Me and Dad went through his stuff though, know what I mean?, and
found a map of some island what was supposed to have buried
treasure. There was an X showing where.
'Aye,
aye,' says Dad, quick on the uptake, like, 'what we need is a few of
the lads out the public bar to nip over and dig it up, they haven't
got a match till a week Sunday, plenty of time.'
'Probably
need someone who's got a boat then,' I said.
He
looked at me.
'Good
thinking, son,' he said, 'I'll give Smollett a bell.'
Smollett
takes a bit of liquid persuasion like, specially when Dad says he
knows a bloke who can cook a bit and when he turns up he's only got
one leg and says to call him Long John Silver. Anyway,
the lads from the public bar are up for it, and load this boat –
the Hispaniola it's
called - with as many
cases of lager as they can squeeze in. Dad says I can go too if I
want, and off we all go.
All
goes well at first, but after a bit Smollett works out the lager
isn't going to last and says we'll have to ration it.
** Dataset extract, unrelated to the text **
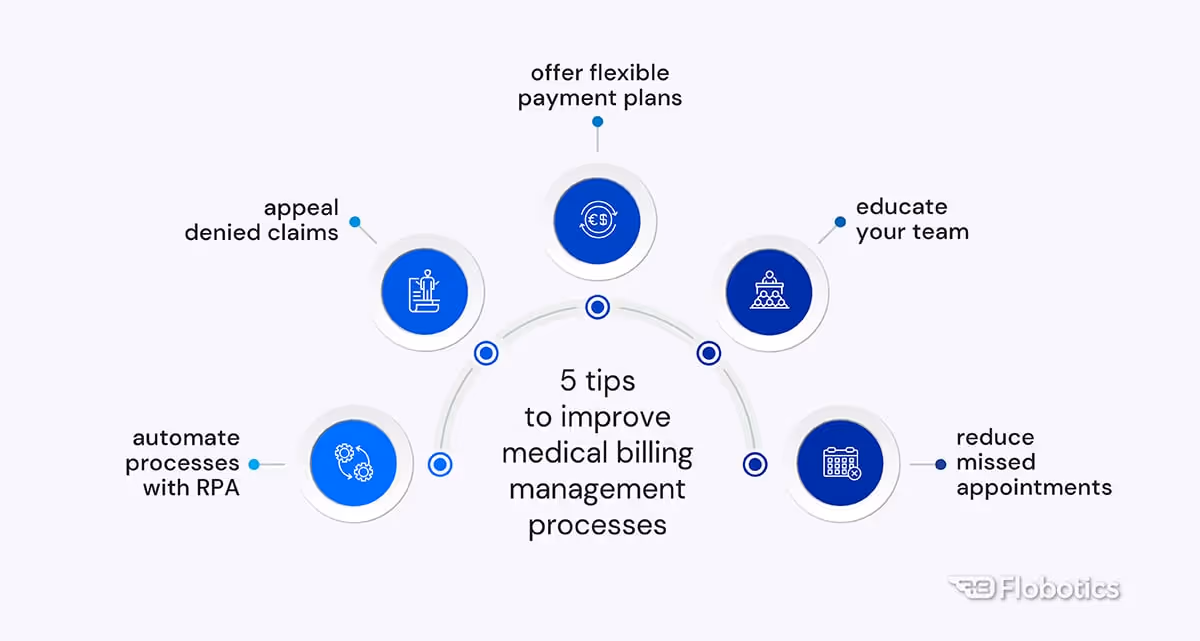 5 Tips to improve medical billing management processes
That's when
things first start to kick off a bit, lads up in arms, Long John
Silver winding them up like bloody Disraeli on heat. Smollett
threatens the cat o' nine tails, all very commanding like, but looks
a bit of a berk when it turns out Long John Silver has got it and has
been using it to stir the porridge.
Over
on this little island itself, it turns out, there's just one bloke
lives there all alone, Ben Gunn they call him, probably gone a bit
doolalley what with living by himself for years. Course, he's got no
idea about Smollett and the lads coming his way. First inkling he
gets is when lager cans start drifting in on the incoming tide.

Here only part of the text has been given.